Bauke Albada obtained his Ph.D. degree from the Utrecht University (2009) after which he performed postdoctoral studies at the Ruhr University of Bochum (Germany) and The Hebrew University of Jerusalem (Israel). Since 2016, he is an assistant professor in the Laboratory of Organic Chemistry (Wageningen University & Research, The Netherlands), where his group works on various projects in the bio-organic chemistry domain and primarily focuses on the development of new methods for the site-specific modification of proteins and approaches to perform unclicking reactions. He is (co)author on >60 peer-reviewed publications, and his research has been awarded with several fellowships and grants.

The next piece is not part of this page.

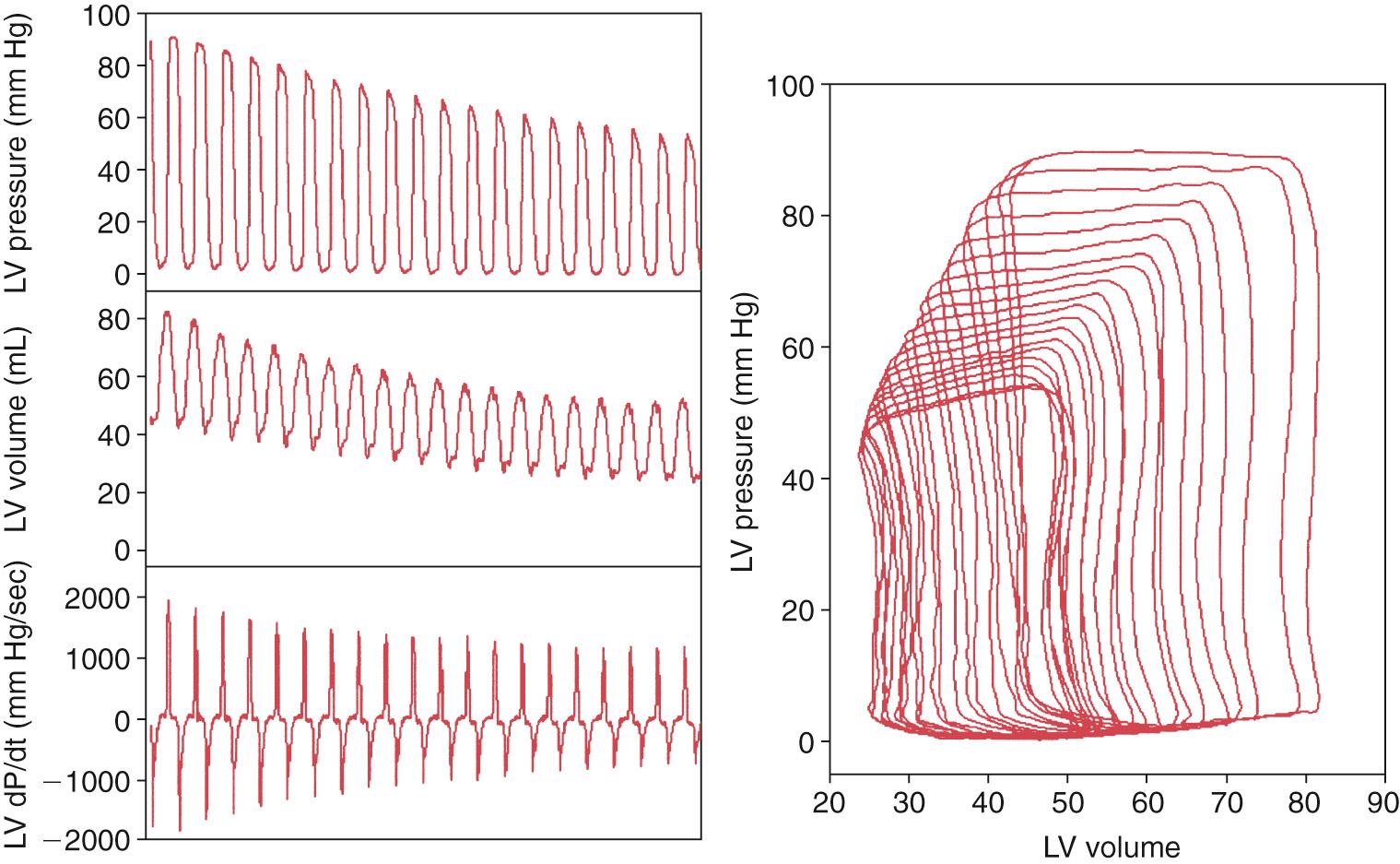 Fig. 65.3, Left, Changes in left ventricular (LV) pressure, volume, and rate of change of pressure (dP/dt) recorded with a conductance catheter during caval occlusion. Right, Series of pressure-volume loops is generated, with a linear relationship between pressure and volume at end-systole.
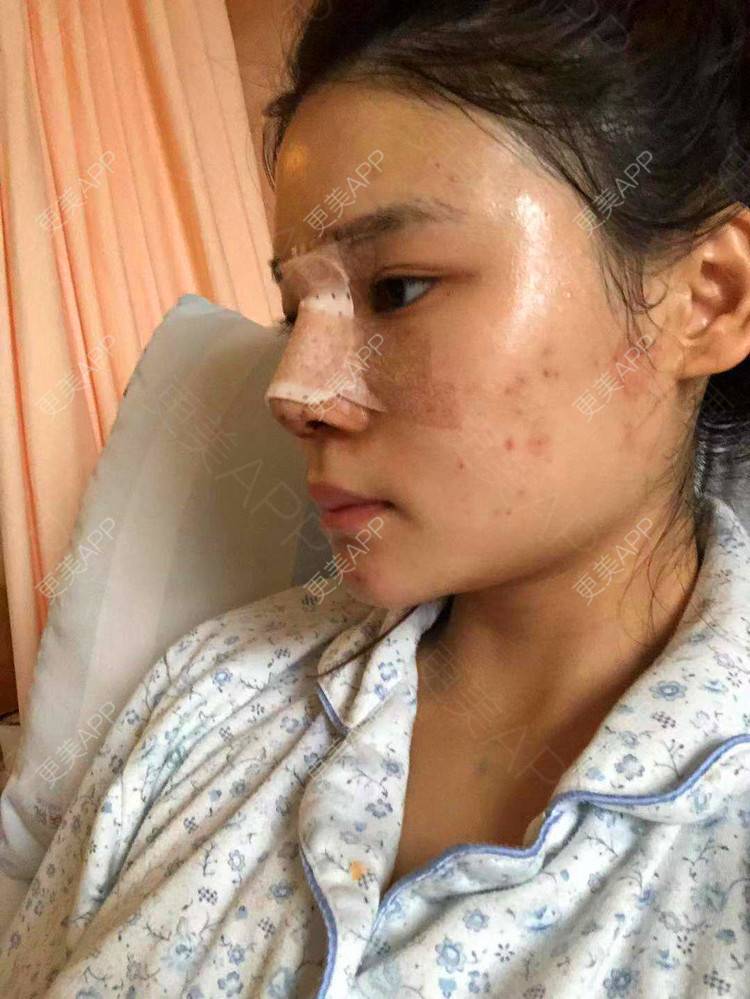 更美 - 雯晓晓的鼻部硅胶假体取出经验 | 鼻部硅胶假体取出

Jordi Keijzer was born in Zwijndrecht, The Netherlands, in 1993. He graduated from Leiden University and TU Delft in 2014, earning a bachelor/s degree in Molecular Science and Technology. Continuing at Leiden University, he received his master’s degree in Chemistry in 2016, specializing in Chemical Biology under the supervision of Prof. Mario van der Stelt and Prof. Hermen Overkleeft. Currently, he is employed as a Ph.D. candidate at the Organic Chemistry Group of Prof. Han Zuilhof at Wageningen University & Research Centre. He works with Dr. Bauke Albada and Prof. Floris van Delft in the field of bioconjugation to develop novel methods for selective modification of native proteins using trigger-activated catalytic DNAzyme nanostructures.

Han Zuilhof is the Chair of Organic Chemistry at Wageningen University (Wageningen, The Netherlands), Perennial Distinguished Guest Professor of Molecular Science at Tianjin University (Tianjin, China), and Distinguished Adjunct Professor of Materials Chemistry at the King Abdulaziz University (Jeddah, Saudi Arabia). He is a Senior Editor of Langmuir, an Editorial Advisory Board member of Advanced Materials Interfaces, Applied Surface Science, and Cell Reports, Physical Science. His interests focus on surface-bound organic chemistry and the accompanying analytical chemistry to properly characterize that and on novel supramolecular materials. He likes all of China, but Guizhou is his favorite province.

Floris van Delft graduated in organic chemistry from Leiden University (1996, cum laude) in The Netherlands. After a postdoctoral stay at the Scripps Research Institute (San Diego, USA), he has held assistant/associate professorship positions at the University of Amsterdam and Radboud University Nijmegen, as well as a special professorship at Wageningen University in The Netherlands (2015–2020). During his academic career, his research was focused primarily on click chemistry, carbohydrate chemistry, and protein conjugation technologies. In 2010, Floris was a cofounder of Synaffix, of which he became the full-time chief scientific officer (CSO) in 2014. He has been the driving force behind the invention of the proprietary technologies that now form the basis of Synaffix’s best-in-class antibody-drug conjugates (ADCs) for targeted cancer therapy. Floris has (co)authored >150 peer-reviewed publications and is the (co)inventor of >25 patent applications.

The authors declare the following competing financial interest(s): FVD is an employee of Synaffix BV.